The case concerned a method for hedging risk in the field of commodities trading. The issue before the court was whether the subject matter as claimed in the patent application (serial no. 08/833,892) was the kind of subject matter that is protectable by patent (in patent legal jargon, the court ruled as to whether the claimed subject matter was statutory under 35 U.S.C. § 101).

The CAFC evaluated the claimed method and based on a “machine or transformation” test decided the method was not the sort of thing that should be patentable.

The “machine” portion of the test used by the CAFC essentially checks if a claimed method or process is carried out by a machine, such as a computer. If the method is performed by a machine, it should pass the “machine or transformation” test. In Bilski, there was no language in the claim that tied the method to a machine such as a computer.

The “transformation” portion of the test checks if a claimed method or process is involved in physical transformation (such as happens during a manufacturing process) or the representation of physical transformation (such as occurs when something physical is displayed on a monitor). The CAFC noted that in the claimed method there were only manipulations of public or private legal obligations, business obligations or other abstractions that did not qualify as “transformations” under their test.

The CAFC clarification that business methods in themselves--i.e., not implemented by a machine--are unpatentable  draws a bright line that clearly delineats patentable subject matter. This removes many potential questions that could be difficult to answer, e.g.: Can it be determined with certainty who was the first person to use a business method? How realistic is it to detect an infringment of a business method? Is there any societal benefit to granting exclusive rights for business methods? Allowing patent protection only on business methods implemented by a machine simplifies both determination of first use and also detection of infringement. 

The scope of the decision was limited. As the law stands now, any business method implemented by a computer is statutory subject matter under 35 U.S.C. § 101 and can be patented provided it passes the other tests for patentability, such as novelty and nonobviousness. The only caveat is that care must be taken to draft the claims so that they will pass the “machine or transformation” test. This is not a difficult task for the skilled practitioner.

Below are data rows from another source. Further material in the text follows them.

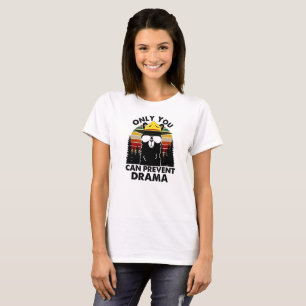 PREVENT DRAMA T-Shirt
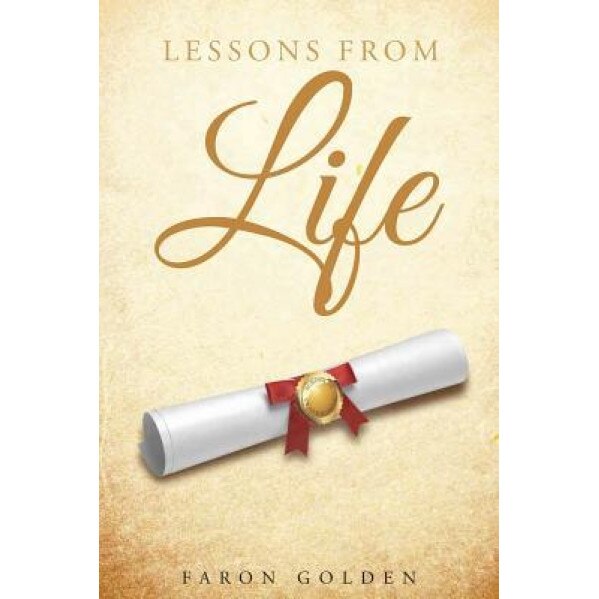 Lessons from Life, Faron Golden (Author)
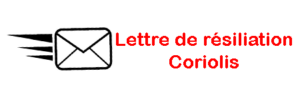 Lettre résiliation Coriolis Telecom
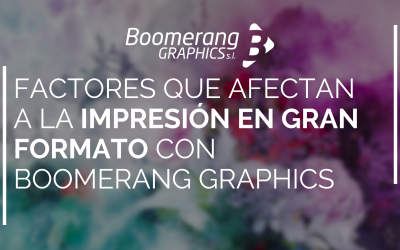 Factores que afectan a la impresión en gran formato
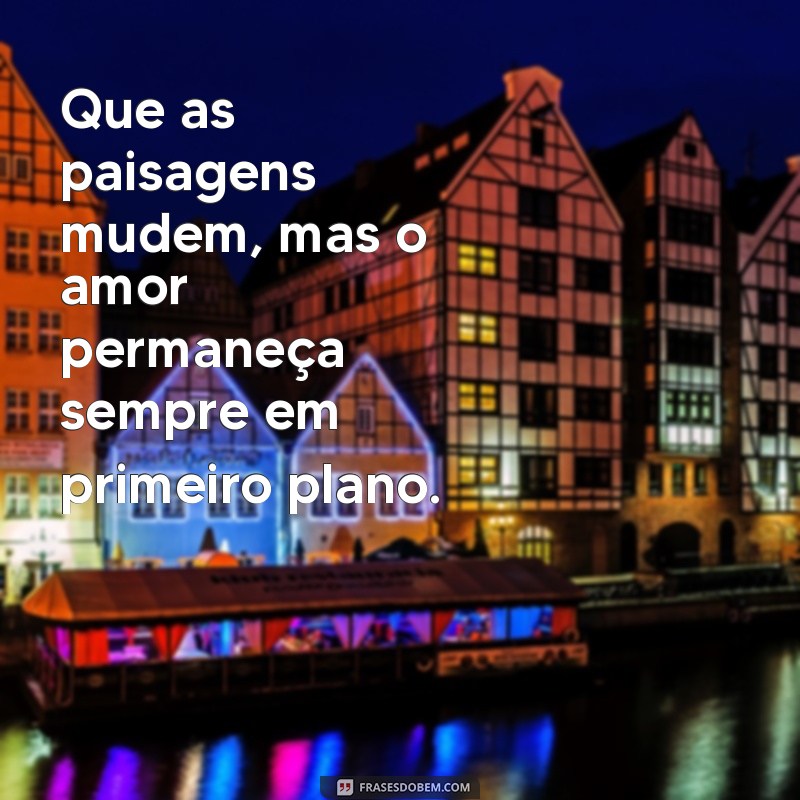 Frases Inspiradoras para Casais que Amam Viajar Juntos 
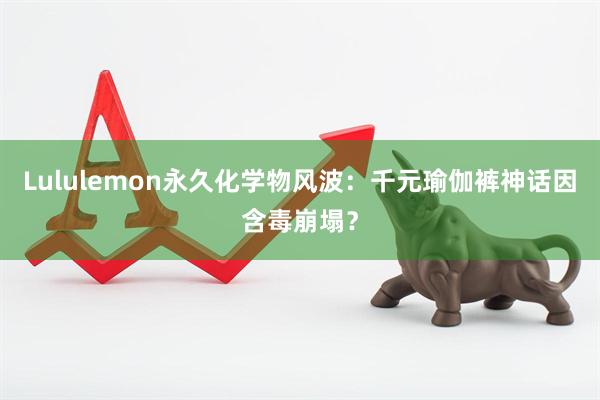 Lululemon永久化学物风波：千元瑜伽裤神话因含毒崩塌？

When drafting claims for a patent application, a skilled practitioner will write a variety of types of claims. These will include various types of apparatus claims and method claims. This will give maximum protection from the winds of change that occasionally blow in the laws governing the patentability of subject matter such as business methods and software. Bilski’s patent application failed to claim subject matter in a variety of different ways and so got caught in a legal bind. There is no reason this should happen to a patent application with well drafted claims.

Please note: This article is written for general information only. The information does not constitute legal advice, solicitation or advertising. The information provided does not create an attorney-client relationship. Liability for any action taken or omitted based on the information herein is specifically disclaimed. If you need legal assistance, you are advised to contact an attorney.